Chers frères et sœurs nous pressentons tous que notre monde est à un tournant de son histoire. La question grave et sérieuse qui se pose aujourd'hui est la suivante : qu'est-ce que l'homme de notre temps fait de ce sanctuaire sacré qu'il est ? Le néglige-t-il ? Ou pire le détruit-il ? Qu'est-ce qu'il fait de son intériorité ? Qu'est-ce qu'il fait de la noblesse et de la dignité de ce titre d'enfant de Dieu ? La véritable écologie, elle est d'abord intérieure. Notre environnement est malade parce que nous la négligeons. Entendons cet avertissement cinglant de saint Paul : « Si qqn détruit le sanctuaire de Dieu, cet homme Dieu le détruira ». C'est dommage d'en arriver là mais parfois on se pose la question : Dieu doit-il se faire craindre pour que l'homme arrête ses bêtises, « son amour du néant et sa course au mensonge (Ps 4, 3) » ? Le cœur de l'homme est-il si endurci qu'il faille devenir menaçant ? Si Dieu manifeste le mystère de la toute-puissance de sa bonté par sa capacité à tout supporter dans une patience insondable, n'oublions pas qu'il n'est pas non plus l' « amour mou » mais qu'il éprouve pour nous un amour jaloux qui peut faire des étincelles. A moins que.
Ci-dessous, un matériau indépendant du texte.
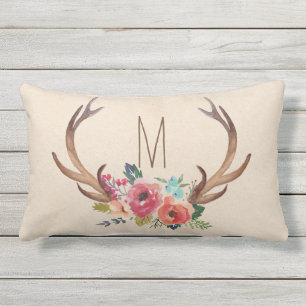 Monogram Blommigt Hjort Horn Utomhuskudde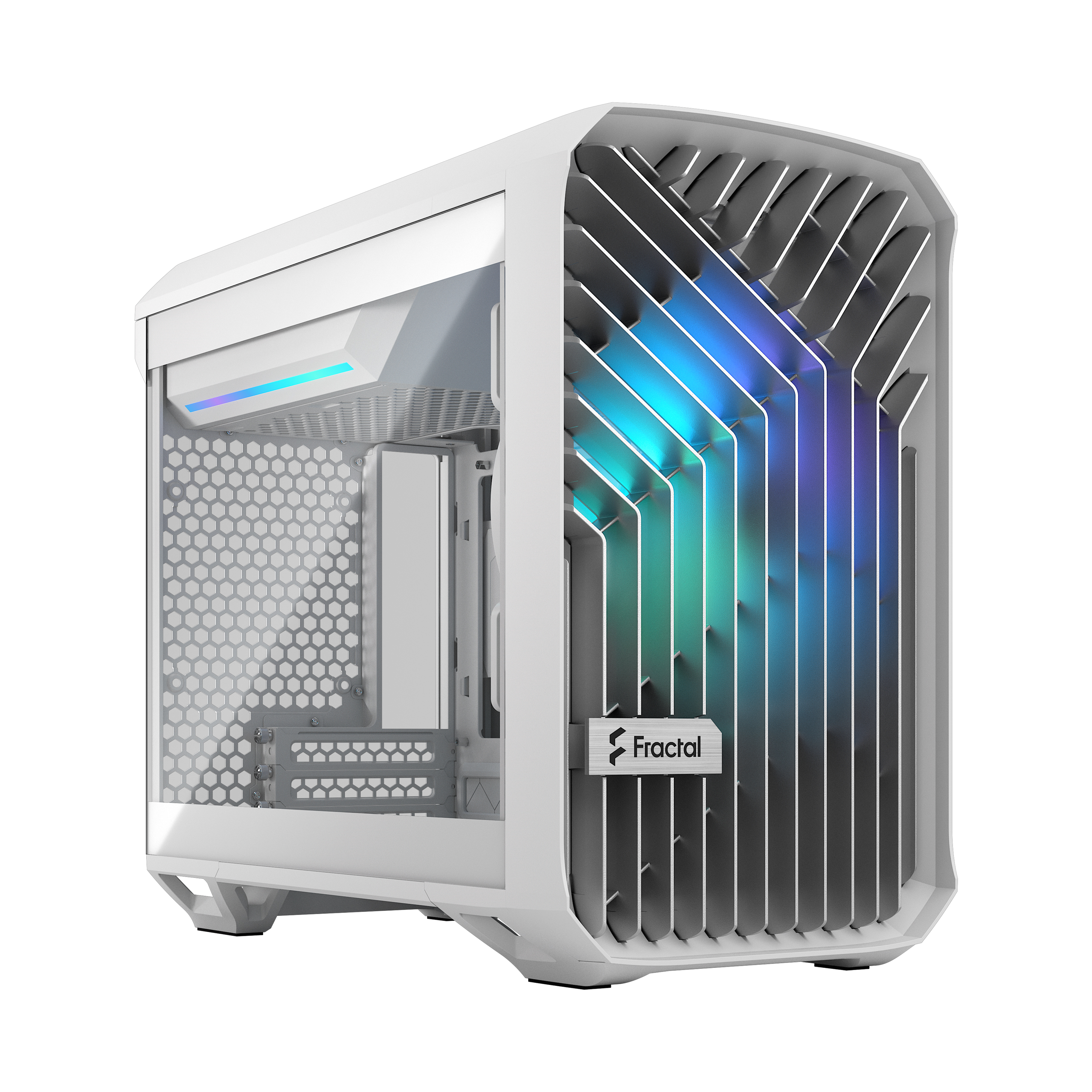 fractal design torrent nano rgb white tg clear tint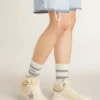 Sky-Star für Damen aus Leder mit hellblauem Lederstern und weisser Fersenlasche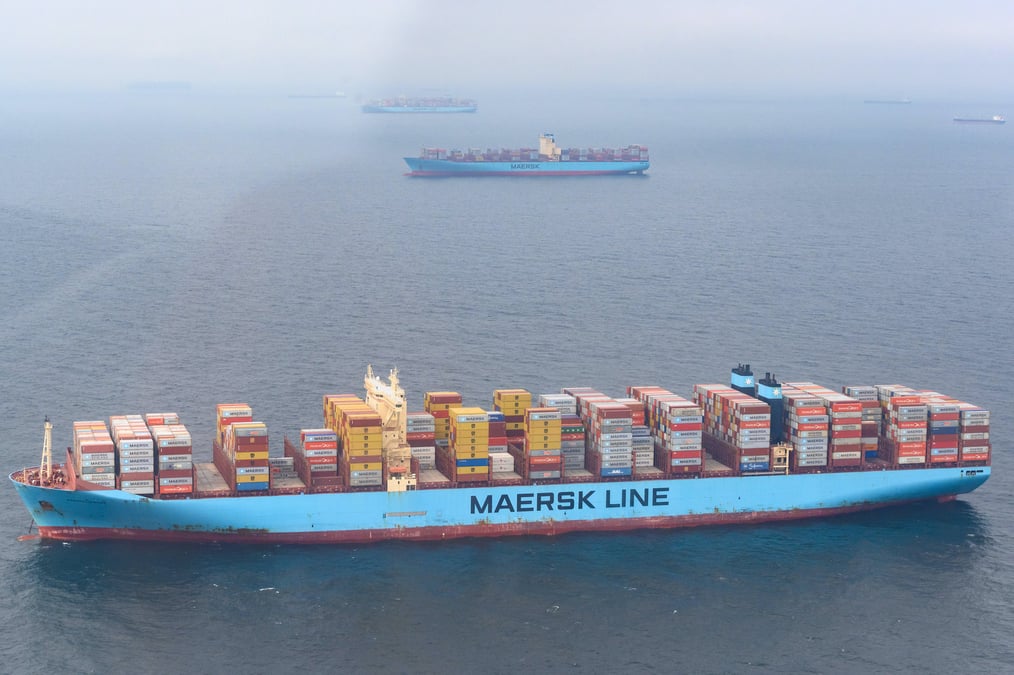 Maersk, porte-conteneurs à l'ancre,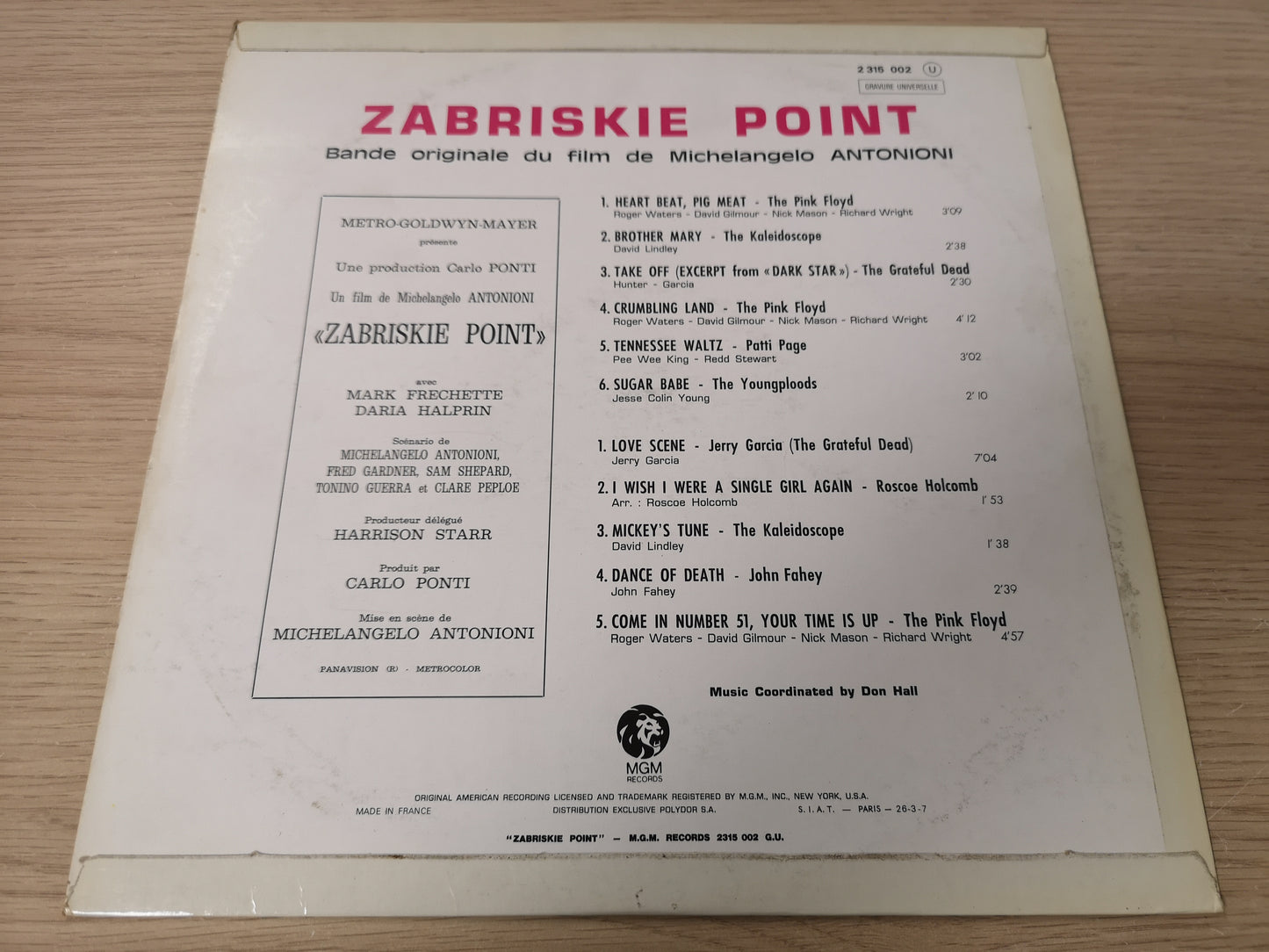 Soundtrack "Zabriskie Point" Orig France 1970 M-/VG+ (Pink Floyd, Dead)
A moins que pour négocier ce virage dans lequel se trouvent notre monde et notre époque, leur soient proposées de nouveau le courage, l'audace et la folie du message évangélique, à moins que ne leur soit proposé de nouveau de gonfler la voile intérieure de l'espérance : celle d'une destinée éternelle et heureuse, destinée qu'il pourrait pressentir dès ici-bas s'il voulait bien prendre les fortes et nobles armes du combat spirituel, s'il en a le cran, celui du témoignage de cette voie supérieure qu'est celui de l'amour même de Dieu.